Stored records
________________________________________

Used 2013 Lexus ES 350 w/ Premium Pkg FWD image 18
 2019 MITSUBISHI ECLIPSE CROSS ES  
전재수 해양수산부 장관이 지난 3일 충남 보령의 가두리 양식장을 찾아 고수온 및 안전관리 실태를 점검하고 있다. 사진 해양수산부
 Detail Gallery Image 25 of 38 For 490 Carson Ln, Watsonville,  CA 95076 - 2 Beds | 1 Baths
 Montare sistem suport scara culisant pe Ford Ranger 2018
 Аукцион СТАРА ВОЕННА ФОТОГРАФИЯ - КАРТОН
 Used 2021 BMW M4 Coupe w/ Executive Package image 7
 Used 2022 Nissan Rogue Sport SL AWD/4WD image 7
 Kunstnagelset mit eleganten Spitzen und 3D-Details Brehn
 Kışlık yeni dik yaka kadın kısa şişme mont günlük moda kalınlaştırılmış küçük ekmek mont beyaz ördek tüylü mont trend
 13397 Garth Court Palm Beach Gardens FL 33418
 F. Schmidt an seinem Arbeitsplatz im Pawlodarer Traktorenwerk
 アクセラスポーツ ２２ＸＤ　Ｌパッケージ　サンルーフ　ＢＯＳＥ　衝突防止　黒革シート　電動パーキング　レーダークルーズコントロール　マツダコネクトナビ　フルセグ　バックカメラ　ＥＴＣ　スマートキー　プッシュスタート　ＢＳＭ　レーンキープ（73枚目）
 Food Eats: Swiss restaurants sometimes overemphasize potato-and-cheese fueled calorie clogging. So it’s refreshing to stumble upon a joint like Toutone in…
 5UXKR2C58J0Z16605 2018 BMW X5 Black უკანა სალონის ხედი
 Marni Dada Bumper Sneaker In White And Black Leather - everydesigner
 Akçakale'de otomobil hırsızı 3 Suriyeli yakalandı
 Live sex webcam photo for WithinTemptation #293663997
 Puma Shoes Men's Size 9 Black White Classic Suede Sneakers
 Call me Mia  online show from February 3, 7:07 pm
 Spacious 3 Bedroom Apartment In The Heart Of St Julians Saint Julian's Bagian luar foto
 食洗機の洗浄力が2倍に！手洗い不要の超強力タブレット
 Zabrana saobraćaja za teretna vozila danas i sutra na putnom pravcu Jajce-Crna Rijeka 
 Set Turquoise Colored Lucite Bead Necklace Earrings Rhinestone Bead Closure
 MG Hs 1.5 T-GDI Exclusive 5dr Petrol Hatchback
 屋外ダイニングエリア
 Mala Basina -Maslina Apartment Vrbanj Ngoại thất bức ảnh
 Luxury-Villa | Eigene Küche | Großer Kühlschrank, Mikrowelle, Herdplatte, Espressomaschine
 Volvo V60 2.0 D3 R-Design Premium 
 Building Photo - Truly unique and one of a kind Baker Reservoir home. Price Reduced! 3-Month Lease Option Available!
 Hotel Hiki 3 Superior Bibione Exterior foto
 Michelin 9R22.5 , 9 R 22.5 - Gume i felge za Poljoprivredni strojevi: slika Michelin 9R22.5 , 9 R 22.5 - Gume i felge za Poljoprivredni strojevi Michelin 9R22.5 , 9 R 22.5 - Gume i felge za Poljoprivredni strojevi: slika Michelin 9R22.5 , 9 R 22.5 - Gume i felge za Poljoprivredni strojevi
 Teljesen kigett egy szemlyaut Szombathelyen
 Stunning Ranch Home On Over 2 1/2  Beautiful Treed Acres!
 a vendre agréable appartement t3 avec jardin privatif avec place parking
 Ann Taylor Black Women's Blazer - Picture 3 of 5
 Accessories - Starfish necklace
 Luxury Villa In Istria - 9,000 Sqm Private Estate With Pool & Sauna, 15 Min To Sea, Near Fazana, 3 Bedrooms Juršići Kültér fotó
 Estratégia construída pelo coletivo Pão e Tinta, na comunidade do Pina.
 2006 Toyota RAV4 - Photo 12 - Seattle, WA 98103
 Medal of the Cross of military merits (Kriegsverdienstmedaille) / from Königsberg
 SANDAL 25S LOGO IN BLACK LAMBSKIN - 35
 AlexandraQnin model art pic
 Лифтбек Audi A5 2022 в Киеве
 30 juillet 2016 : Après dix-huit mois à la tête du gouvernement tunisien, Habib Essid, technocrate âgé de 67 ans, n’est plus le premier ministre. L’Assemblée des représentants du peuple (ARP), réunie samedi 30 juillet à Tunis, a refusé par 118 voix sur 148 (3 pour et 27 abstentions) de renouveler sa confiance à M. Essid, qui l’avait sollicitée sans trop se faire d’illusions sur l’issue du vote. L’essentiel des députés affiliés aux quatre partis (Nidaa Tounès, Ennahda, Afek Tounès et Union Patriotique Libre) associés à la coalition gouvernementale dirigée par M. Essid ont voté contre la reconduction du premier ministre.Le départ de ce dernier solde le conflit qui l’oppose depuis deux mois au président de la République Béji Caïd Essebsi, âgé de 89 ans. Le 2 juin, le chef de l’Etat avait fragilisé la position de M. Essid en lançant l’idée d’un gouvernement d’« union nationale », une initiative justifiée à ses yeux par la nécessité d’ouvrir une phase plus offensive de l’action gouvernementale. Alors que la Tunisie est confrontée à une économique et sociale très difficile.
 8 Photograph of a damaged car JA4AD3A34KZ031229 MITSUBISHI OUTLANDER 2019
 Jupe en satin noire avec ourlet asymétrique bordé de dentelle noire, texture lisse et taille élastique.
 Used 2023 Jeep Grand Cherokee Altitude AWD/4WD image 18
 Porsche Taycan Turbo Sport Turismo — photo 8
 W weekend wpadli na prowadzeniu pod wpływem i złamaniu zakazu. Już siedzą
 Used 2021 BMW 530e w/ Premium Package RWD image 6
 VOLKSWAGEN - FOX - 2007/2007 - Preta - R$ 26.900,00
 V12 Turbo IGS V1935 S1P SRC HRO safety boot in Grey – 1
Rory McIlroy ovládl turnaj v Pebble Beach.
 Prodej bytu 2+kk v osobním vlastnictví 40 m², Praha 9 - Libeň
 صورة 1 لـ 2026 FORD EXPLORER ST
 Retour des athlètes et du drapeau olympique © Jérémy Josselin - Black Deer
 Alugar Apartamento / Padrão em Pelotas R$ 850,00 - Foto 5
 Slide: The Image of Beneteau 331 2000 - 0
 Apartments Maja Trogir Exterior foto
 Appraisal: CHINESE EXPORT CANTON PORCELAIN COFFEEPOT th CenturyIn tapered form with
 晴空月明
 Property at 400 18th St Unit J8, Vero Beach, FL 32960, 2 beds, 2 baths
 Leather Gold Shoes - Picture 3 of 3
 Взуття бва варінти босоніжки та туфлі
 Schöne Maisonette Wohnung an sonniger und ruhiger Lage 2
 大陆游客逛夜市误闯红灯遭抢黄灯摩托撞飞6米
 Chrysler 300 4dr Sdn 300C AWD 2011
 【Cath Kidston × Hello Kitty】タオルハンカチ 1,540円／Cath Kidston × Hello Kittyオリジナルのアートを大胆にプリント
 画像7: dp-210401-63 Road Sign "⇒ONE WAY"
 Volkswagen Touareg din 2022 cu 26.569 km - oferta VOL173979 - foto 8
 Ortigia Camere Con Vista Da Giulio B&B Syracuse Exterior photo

________________________________________

» **The task**: Return each line in the records that holds the string "Sport".

» **Response for this exercise**:
 Used 2022 Nissan Rogue Sport SL AWD/4WD image 7
 Porsche Taycan Turbo Sport Turismo — photo 8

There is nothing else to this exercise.